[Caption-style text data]
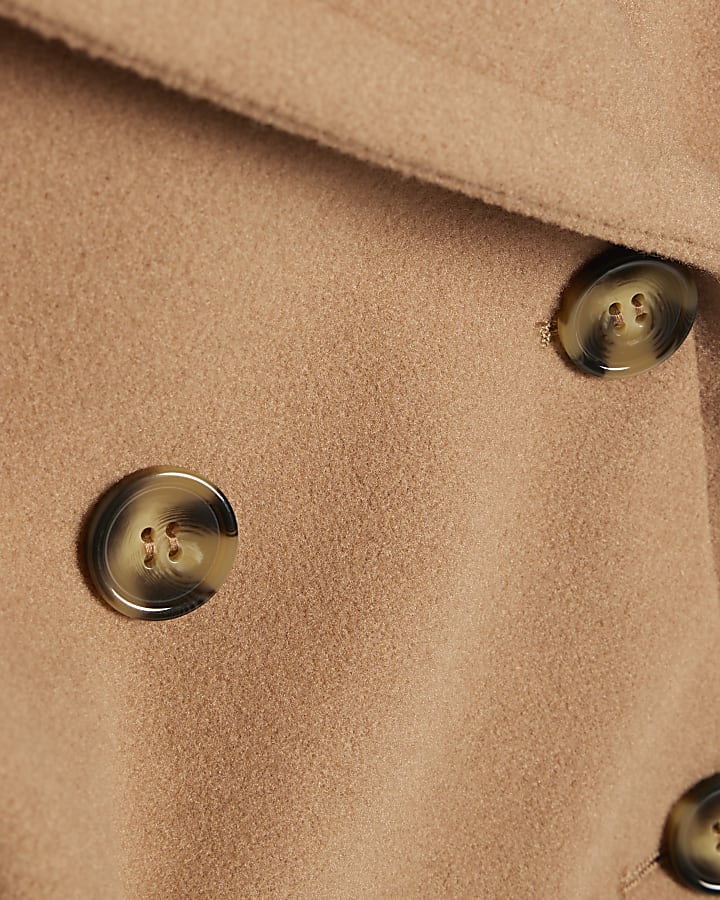 Brown Bubble Hem Double Breasted Jacket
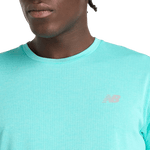 New Balance Clothing Men's New Balance Athletics T-shirt Turquoise AW24 - Up and Running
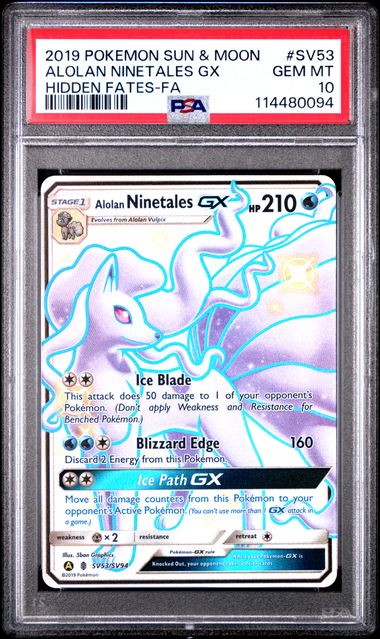 Alolan Ninetales GX Pokémon Hidden Fates Shiny Holo Rare #SV53/SV94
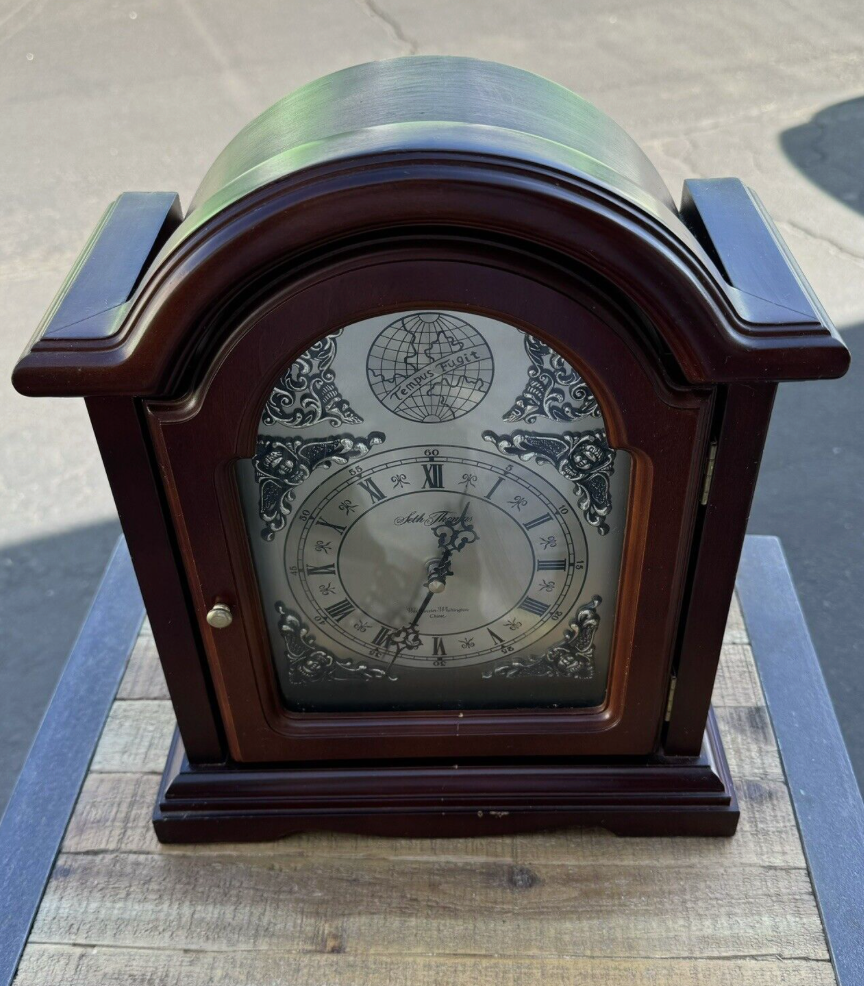 SETH THOMAS MANTLE CLOCK CHIME DOOR TEMPUS FUGIT. TESTED AND WORKS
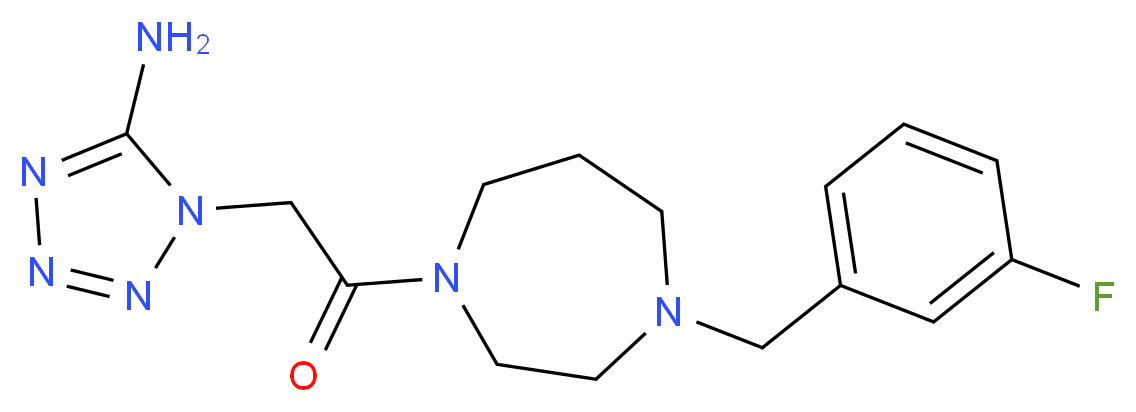 1-{2-[4-(3-fluorobenzyl)-1,4-diazepan-1-yl]-2-oxoethyl}-1H-tetrazol-5-amine_分子结构_CAS_)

__Work task__: Pictures should be omitted. Please return exactly the lines from the line that holds "SETH THOMAS MANTLE" through the end of the records.

__Reply to the exercise__:
 SETH THOMAS MANTLE CLOCK CHIME DOOR TEMPUS FUGIT. TESTED AND WORKS
 1-{2-[4-(3-fluorobenzyl)-1,4-diazepan-1-yl]-2-oxoethyl}-1H-tetrazol-5-amine_分子结构_CAS_)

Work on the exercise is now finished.